According to the NEI scatter map under low-N and normal-N conditions, cotton genotypes were classified into four types (Fig. 2): inefficient under low-N conditions but efficient under normal-N conditions (Class I); efficient under both low and normal-N conditions (Class II); inefficient under both low and normal-N conditions (Class III); and efficient under low-N conditions but inefficient under normal-N conditions (Class IV). The distributions of cotton genotypes among classes were 28, 22, 36, and 14% for Classes 1–4, respectively. Among the 10 varieties of low-N tolerant (N-efficient) genotypes shown by heatmap clustering analysis, five belonged to Class III, four to Class IV, and only one (Kashi) belonged to Class II. Among the 20 genotypes of low-N sensitive (N-inefficient) genotypes, 19 genotypes belonged to Class I and only one (CCRI 64) belonged to Class III.
Fig. 2
Fig. 2

Scatter map of the nitrogen efficiency comprehensive index under low and normal N level

Discussion

Genetic variation in agronomic traits and NUE

Tapping crop N utilization potentials and screening for N-efficient cultivars are useful ways of improving NUE and reducing adverse environmental impacts. Moreover, assessing crop performance as an interaction of genetics and the N environment has demonstrated the potential effectiveness of screening genotypes in low-N and high-N environments (Robinson et al. 2007; Cormier et al. 2016). The most direct and objective method for screening low-N tolerance genotypes is to plant in N-deficient soil and to evaluate the economic yield. However, conducting field experiments that cover the whole plant growth period is not only time and labor consuming, but also inefficient. Additionally, the spatial and temporal heterogeneity of the soil N pool will increase the difficulty of controlling experimental conditions. Studies have shown that the sand culture method is viable for screening high N-efficient crops over short periods compared with field experiments (Tian et al. 2008), and we confirmed this by observing significant genetic variation in N-related traits at the cotton seedling stage in our study.

Concurrent selection in both low-N and high-N environments increases the likelihood of identifying genotypes with the potential to perform well under optimal as well as N-limiting conditions.

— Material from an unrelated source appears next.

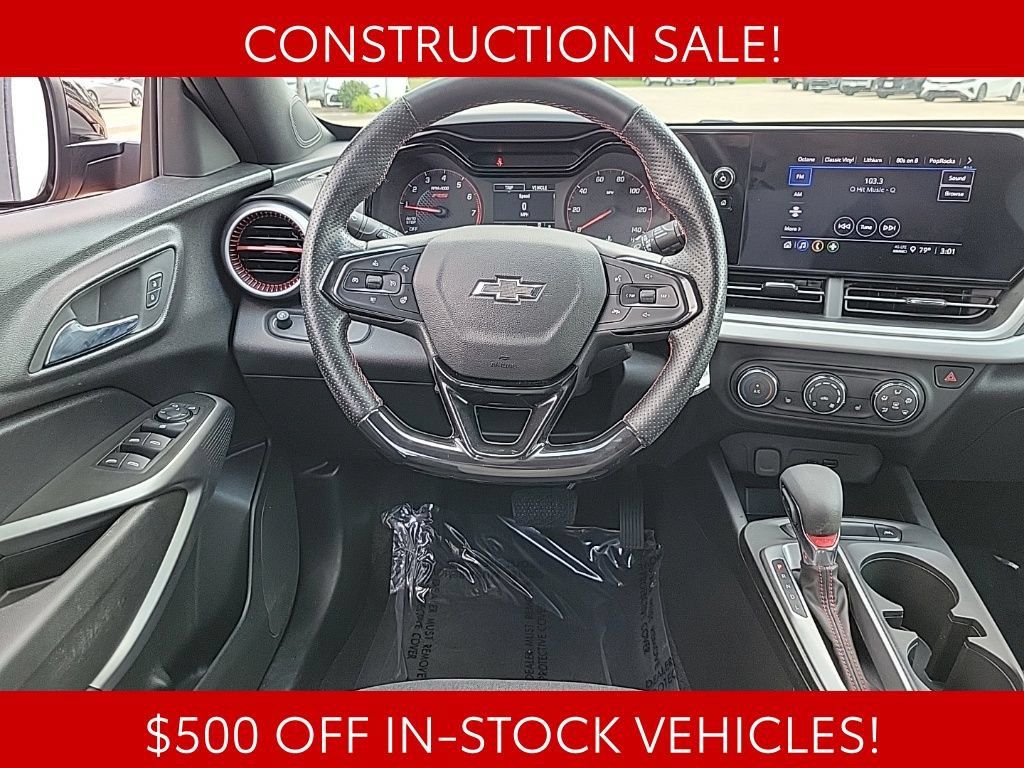 Used 2024 Chevrolet Trax RS FWD image 11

Many studies have reported the genetic variation of cotton agronomic traits and NUE under low-N and high-N conditions (Gaju et al. 2011; Anbessa et al. 2010; Hitz et al. 2017). The cotton genotypes in our study showed a large variation in response to N treatments (Table 1), with the N supply significantly affecting agronomic traits, especially plant height, biomass, and N content. Barraclough et al. (2010) observed a similar trend, which indicated that an N-constrained environment inhibits crop growth. The biomass of N-deprived cultivars is closely associated with root growth characterization (Zhang et al. 2015), and we observed dramatic variations in N accumulation with roots accumulating more N under N-deficient conditions than under normal conditions (Table 1). Root morphology, architecture, and dynamics are tightly associated with external N conditions that affect the plant growth, productivity, and NUE (Whu et al. 2005). N-deficit stress may promote plant root growth, which is visible as increases in root biomass, length, surface area, and volume to improve N uptake through the N saving management strategy. Under N-deficient stress, more photosynthates are used by the root system to form a larger root system (Eghball and Maranville 1993).

Cotton growth and yield are positively associated with nutrient uptake and assimilation. N-use efficiency can be divided into two components: NUpE and NUtE. In the present study, we observed significant variation in the genotypes for NUtE and NUpE under both low-N and normal-N conditions. Indeed, average NUtE and NUpE values were higher under low-N levels than under normal-N levels (Table 1). It is possible that N-starvation stress prompts the plant to take up and assimilate the limiting N at the seedling stage. Several previous studies have indicated that NUpE accounts for a greater proportion of genetic variation in NUE at low-N than at normal-N supplies (Muurinen et al. 2006; Gaju et al. 2011; Bingham et al. 2012). We also observed a higher CV for NUpE than NUtE, regardless of the level of N, which indicates that genetic variations in NUE at the seedling stage are mainly caused by NUpE not NUtE.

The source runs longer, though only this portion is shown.